The startling gap in treatment is the result of European laws that shield corporations from class-action suits brought by unhappy consumers.
Now a group of online legal start-ups wants to change the status quo.
Lawyers in Berlin, Paris and elsewhere in Europe are teaming up with new online services to recruit clients en masse and try to get around the usual restrictions on consumer lawsuits. If they are successful, the cost to Volkswagen will dwarf the company’s $15 billion settlement in the United States.
The campaigns are attracting people like Jürgen Franz, a retired advertising executive in Munich who says his Volkswagen, a diesel Tiguan sport utility vehicle, burns more fuel after a software update that was part of a mandatory recall. He drives the same route every morning and now fills his tank more often.
“Why are they getting so much and we’re getting nothing?” Mr. Franz said of American owners.

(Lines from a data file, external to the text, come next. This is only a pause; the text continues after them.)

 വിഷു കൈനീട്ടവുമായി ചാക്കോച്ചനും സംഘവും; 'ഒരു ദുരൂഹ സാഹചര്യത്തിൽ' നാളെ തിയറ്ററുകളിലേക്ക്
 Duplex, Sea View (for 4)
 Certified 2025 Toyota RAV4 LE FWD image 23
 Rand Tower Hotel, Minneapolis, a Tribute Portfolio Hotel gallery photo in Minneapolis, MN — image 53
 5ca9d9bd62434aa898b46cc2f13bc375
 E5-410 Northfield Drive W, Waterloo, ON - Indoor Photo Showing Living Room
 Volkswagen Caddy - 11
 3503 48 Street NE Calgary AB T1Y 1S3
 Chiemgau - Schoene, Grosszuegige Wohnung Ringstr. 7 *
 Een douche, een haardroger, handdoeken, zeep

Plaintiffs’ lawyers hope the efforts will signal a turning point in European jurisprudence, opening up a clearer path for aggrieved customers to join forces across borders to sue big corporations. The case could be the largest consumer action of its kind in Europe.While laws vary, most European countries do not allow large class actions of the variety that led to the $15 billion settlement in the United States. Nor do many European countries, including Germany, allow lawyers to work on commission, so customers who sue companies risk paying not only their own legal fees but also the other side’s if they lose.
Owners’ representatives in Europe are seeking a maximum of 5,000 euros per car, or about $5,600, much less than in the United States. But even that figure could be financially devastating. There are 8.5 million tainted diesels in Europe, compared with about 500,000 in the United States that are covered by the settlement.
So far, only a fraction of Volkswagen owners in Europe have banded together, but more are signing up. Those claims are just one front in an expanding global onslaught of litigation against and official investigations into Volkswagen stemming from its emissions cheating, including ongoing criminal inquiries in the United States and Germany.